Selain itu, ekonomi Amerika Serikat (AS) diperkirakan akan tumbuh kuat pada tahun 2023, terutama didukung oleh konsumsi rumah tangga dan sektor jasa yang berorientasi domestik. Namun, ekonomi China sedang melambat karena melemahnya konsumsi dan kinerja sektor properti.
Ketegangan geopolitik yang meningkat juga telah menyebabkan kenaikan harga energi dan pangan, yang menyebabkan inflasi global tetap tinggi. Oleh karena itu, suku bunga kebijakan moneter di negara maju, termasuk Federal Funds Rate (FFR) AS, diperkirakan akan tetap tinggi dalam jangka waktu yang lebih lama.
Perry mengatakan bahwa berbagai perkembangan tersebut telah menyebabkan arus modal keluar dari negara-negara pasar berkembang menuju negara maju dan aset yang lebih likuid, yang membuat dolar AS menguat terhadap mata uang dunia lainnya. Bahkan, rupiah juga sempat melemah tajam, dengan kurs dolar AS hampir mencapai Rp 16.000.

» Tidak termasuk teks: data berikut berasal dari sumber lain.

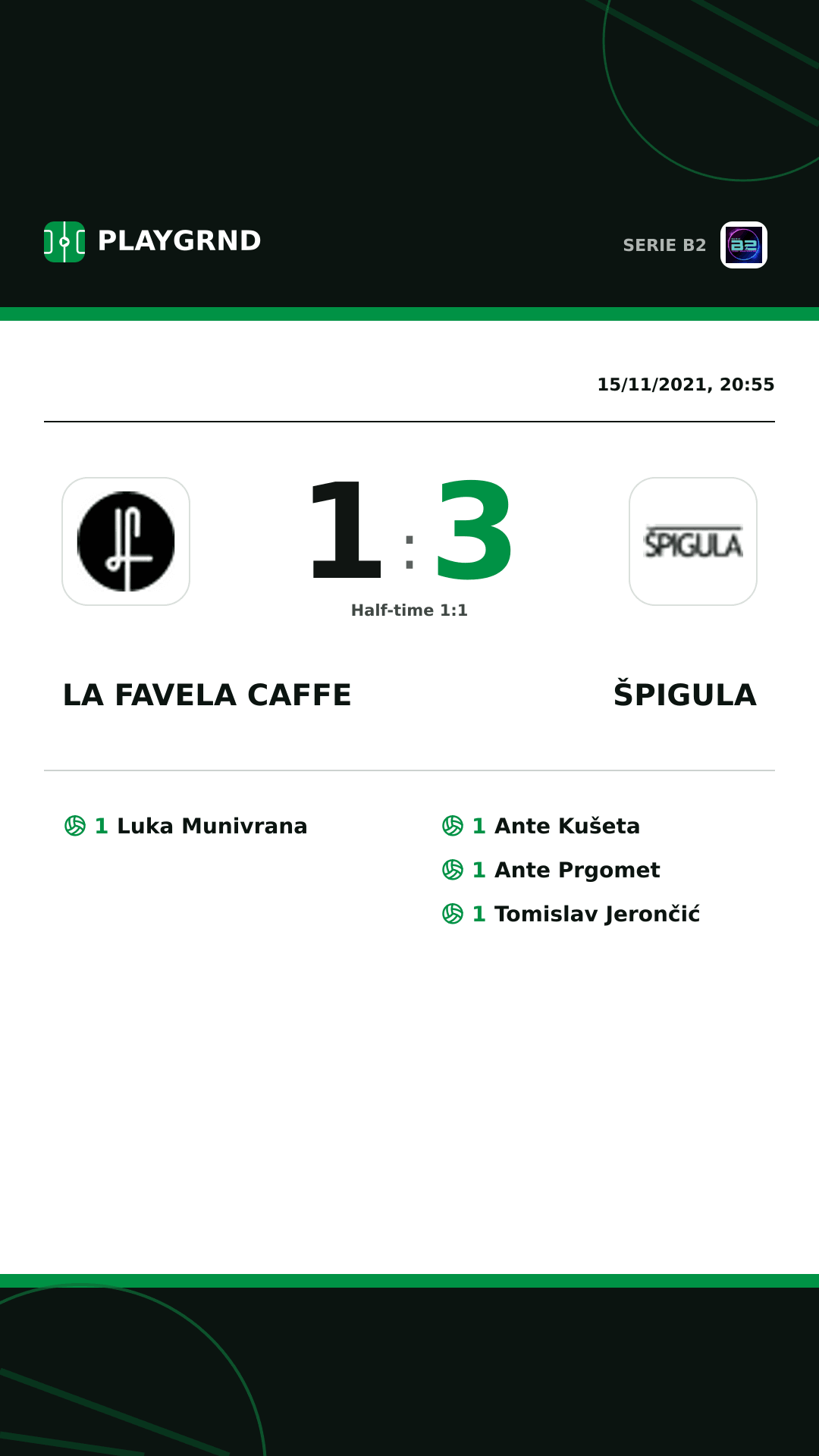 Instagram artwork: LA Favela Caffe 1:3 Špigula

Untuk itu, BI dan Komite Stabilitas Sistem Keuangan (KSSK) akan terus berupaya meningkatkan cadangan devisa melalui implementasi kebijakan devisa hasil ekspor (DHE). Perry juga menegaskan bahwa cadangan devisa Indonesia saat ini sudah lebih dari cukup dan berada di atas standar internasional sekitar 3 bulan impor.